We were asked to weigh in on issues dealing with the Willoughby-Eastlake schools and what is permitted under the Ohio Revised Code dealing with campaigning for property tax levies. We would like to pass along what we have learned.
Issues at hand: Can a school district use their student database of emails and telephone numbers to promote a levy on the ballot? Can a principal send emails to parents discussing how to get the next levy passed.
Lobbyists for Citizens sent a records request under ORC 149.43 (B) (1) to Mr. Steve Thompson, Superintendent of Willoughby-Eastlake schools asking for all correspondence between the W-E school district and the political action committee formed to support the property tax levy on the November 5, 2019 ballot. W-E RECORDS REQUEST 11-19-19
Mr. Thompson, to his credit, responded immediately and stated that he had no knowledge of records pertaining to the Political Action Committee.
LFC followed up with this question: “Would you have any knowledge about how the PAC is obtaining the telephone numbers and email addresses of the school children’s parents? Citizens want to be sure that school databases are not just given to one group supporting the levy. If you can assure us that this is not happening, we will be glad to report that for everyone to see, so that false statements do not spread throughout the community.”
Mr. Thompson’ response: “At every meeting that is held by the levy committee, they collect phone numbers, email addresses, names and physical addresses. They have been doing this for several years.”
So it appears to LFC that the PAC supporting the W-E school levies is an entrenched, well-oiled machine that is very committed to the school. To answer the next question regarding the principal sending emails to parents, we had to do some research.
Our local Elections Board stated that the question is out of their jurisdiction, and the State Elections Board may not be able to help either. We then turned to the Internet and found this very informative website: https://www.bricker.com/insights-resources/publications/dos-and-donts-for-ballot-issue-campaigns-for-school-districts
There is a great deal of information on the website. Here are a few excerpts that address our concerns:
(1) “…boards of education are prohibited from using “public funds to support or oppose the passage of a school levy or bond issue or to compensate any school district employee for time spent on any activity intended to influence the outcome of a school levy or bond issue election.”
(2) “Criticisms about a district’s activity in support of a levy or ballot issue campaign are becoming increasingly more prevalent as anti-tax and other citizen groups become more organized.” (LFC Comment: Take note – the push-back on the non-sustainable, ever-increasing property taxes is starting all over Ohio.)
(3) “School employees, administrators and board members have a First Amendment right to participate in the electoral process and in ballot issue campaigns. However, they must be very careful to keep all campaign–related activity off school property and segregated from any school time or resources. Districts should adopt and consistently enforce clear and neutral policies that regulate campaign activity by the district, its board and its employees.”
(4) “Can we allow school employees to use district email to conduct school levy activity on their own time?

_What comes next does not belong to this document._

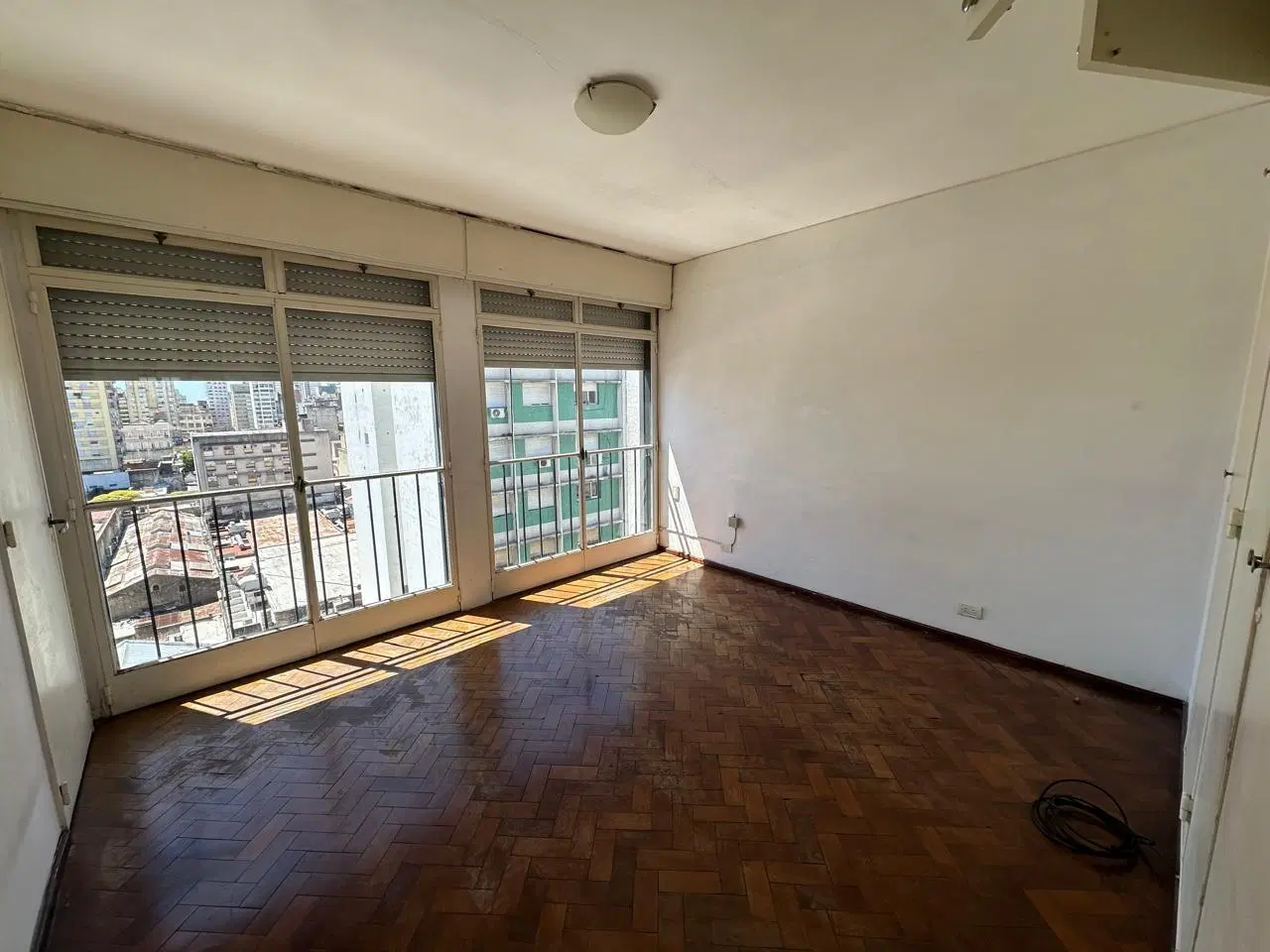 Departamento en  venta de un dormitorio con baulera  en  Rosario - Centro 5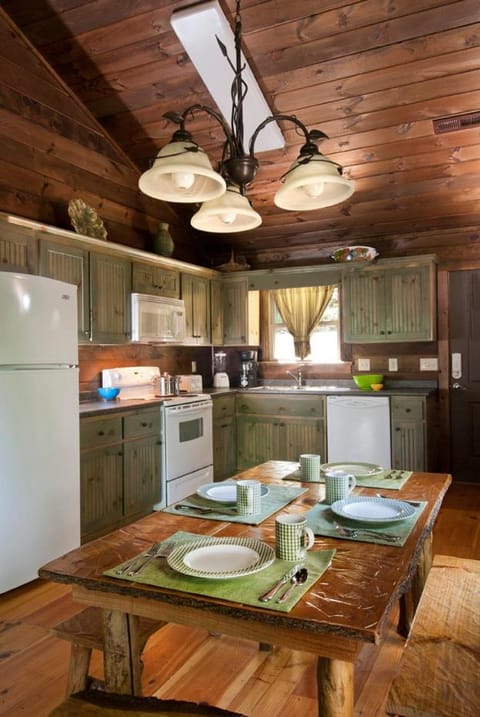 The Dogwood Breeze Casa in Nantahala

No. Use of district resources, even the minimal amount of resources involved when sending and/or receiving an email, is prohibited. The law does not create a minimum threshold or provide a de minimis standard below which use of district resources is permitted.”
(5) “Can we send materials that are prepared by and paid for by the levy committee home to parents in student mail?

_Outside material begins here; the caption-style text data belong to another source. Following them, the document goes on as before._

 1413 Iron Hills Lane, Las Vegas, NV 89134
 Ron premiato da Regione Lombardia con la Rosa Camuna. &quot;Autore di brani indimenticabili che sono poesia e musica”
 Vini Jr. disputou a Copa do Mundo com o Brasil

No. Doing so would be considered a use of school resources for the levy because it would require teachers and other staff to spend district time to sort and process the materials for distribution to students.”

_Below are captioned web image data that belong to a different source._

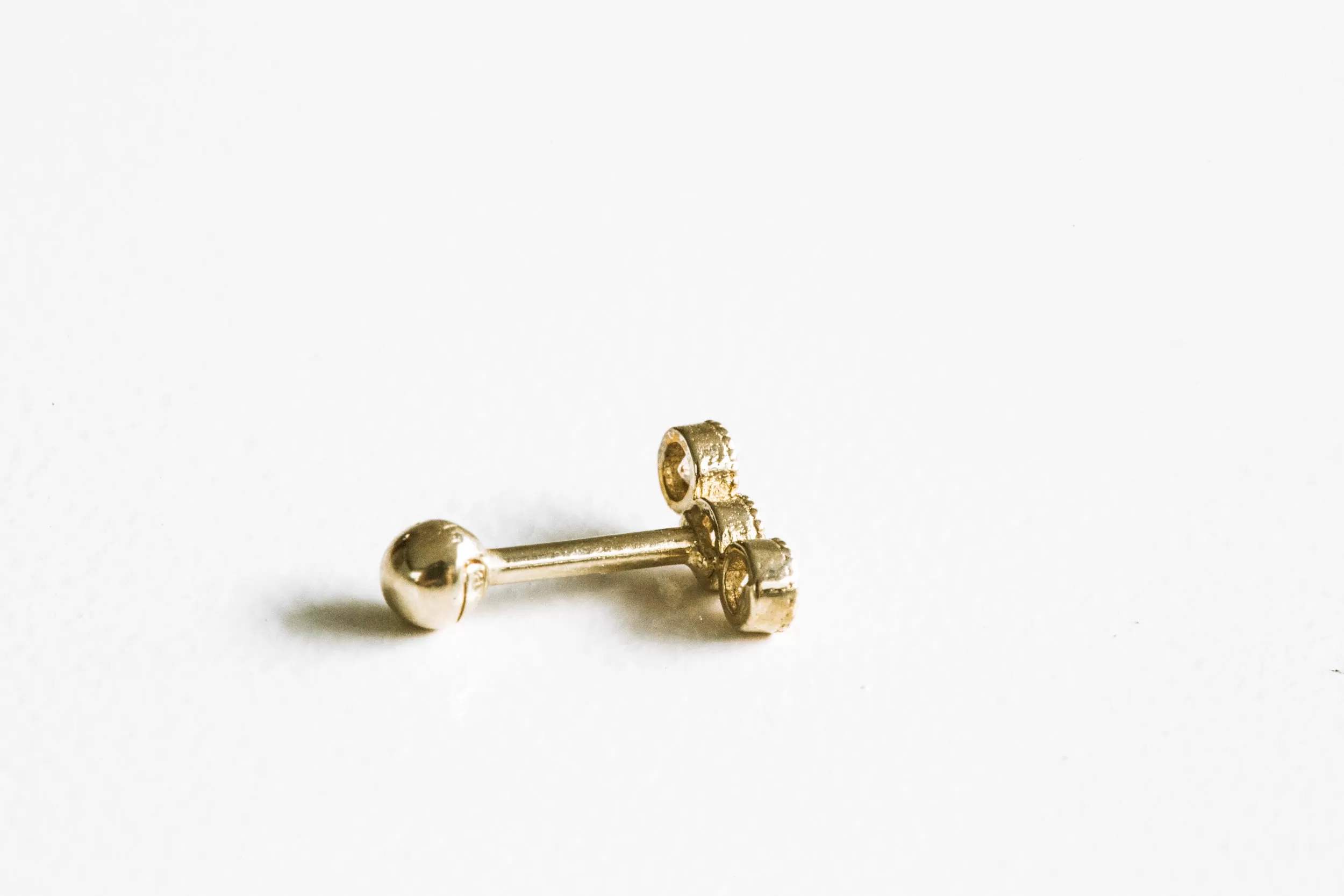 14k Gold Three Cubic Round Pendant Barbell Ear Stud Piercing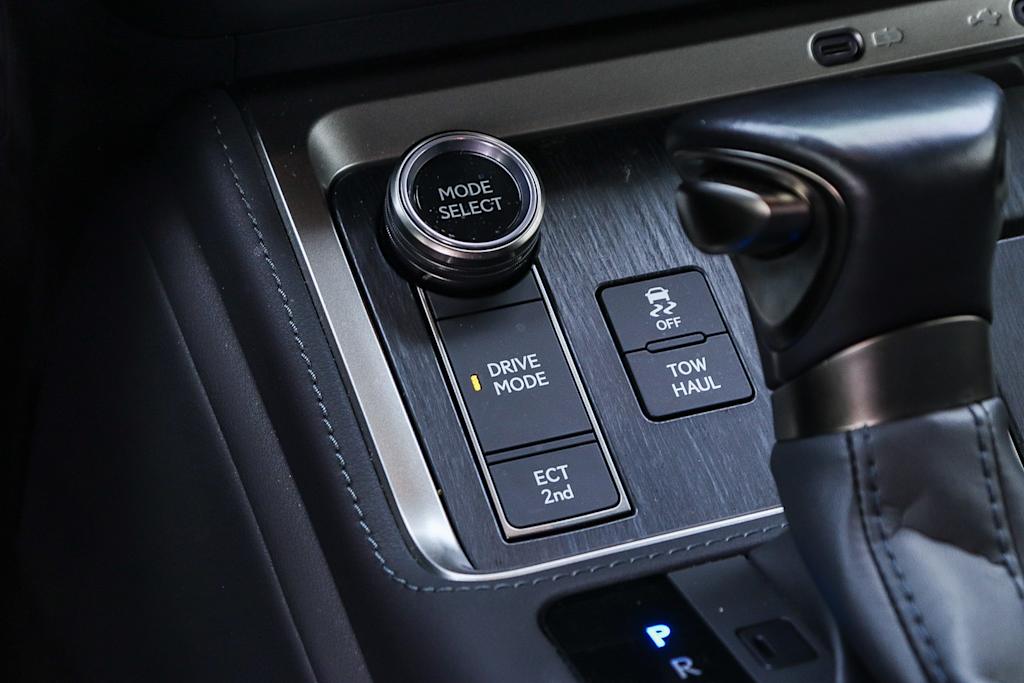 Thumbnail: 2024 Lexus ES - 14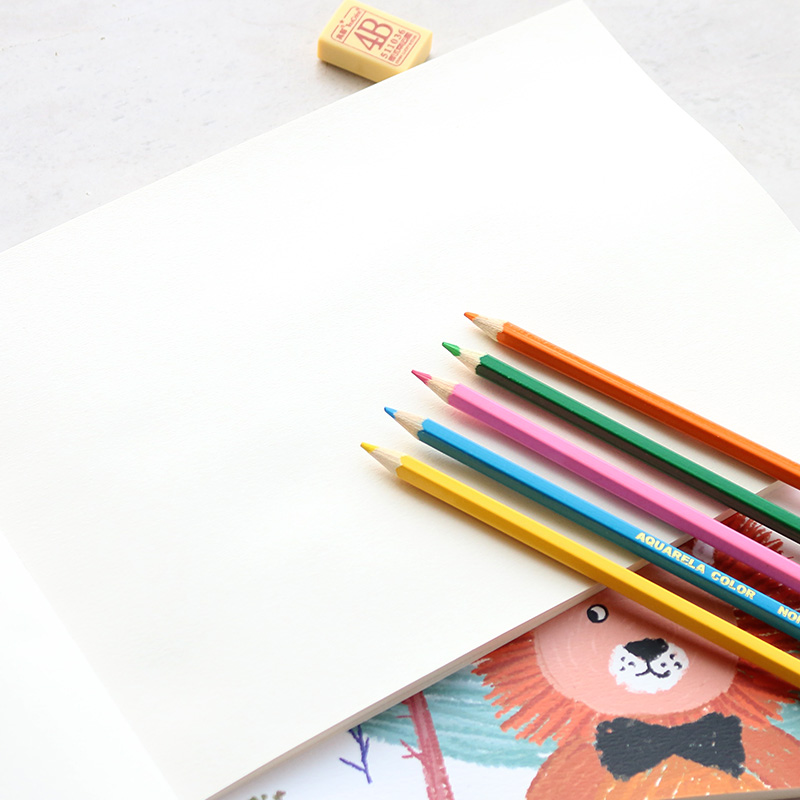 玛丽a4画画本空白 幼儿园涂鸦图画本16k小学生美术本绘画本加厚纸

(6) “Can the district provide its mailing lists or contact lists to the levy committee?
Technically, yes, but we recommend caution. The district may sell its property, including mailing lists, as outlined above so long as the information being provided is public information. However, once the district sells a list to one party, it should do so for anyone else who asks. Employees or vendors may be upset by what they perceive as a violation of their privacy in this manner.”
(7) “Can a school district prohibit employees from conveying their political views through discussion with students during work time?
Yes. This type of broad restriction on political speech or campaigning, not targeting a particularized message, is supported by case law that allows public employers to regulate a public employee’s speech if it is made pursuant to his or her official duties, provided the restrictions are supported by an adequate justification such as a legitimate pedagogical concern or a desire to maintain neutrality on controversial issues. It is important that a district enforce any policy on this topic uniformly and consistently.”
(LFC Comments: Regarding the principal sending emails to parents, it appears that is permitted as long as it is not done during school hours. All teachers and coaches have first amendment rights to express support for the school levy, as long as it is not done during school business hours.
So what about the teachers that tell their students in the classroom to tell their parents to vote for the levy? It seems to LFC that this is a violation of the Ohio Revised Code, and should stop immediately. We ask that all administrators stop this unfair, illegal action by the teachers, and coaches.)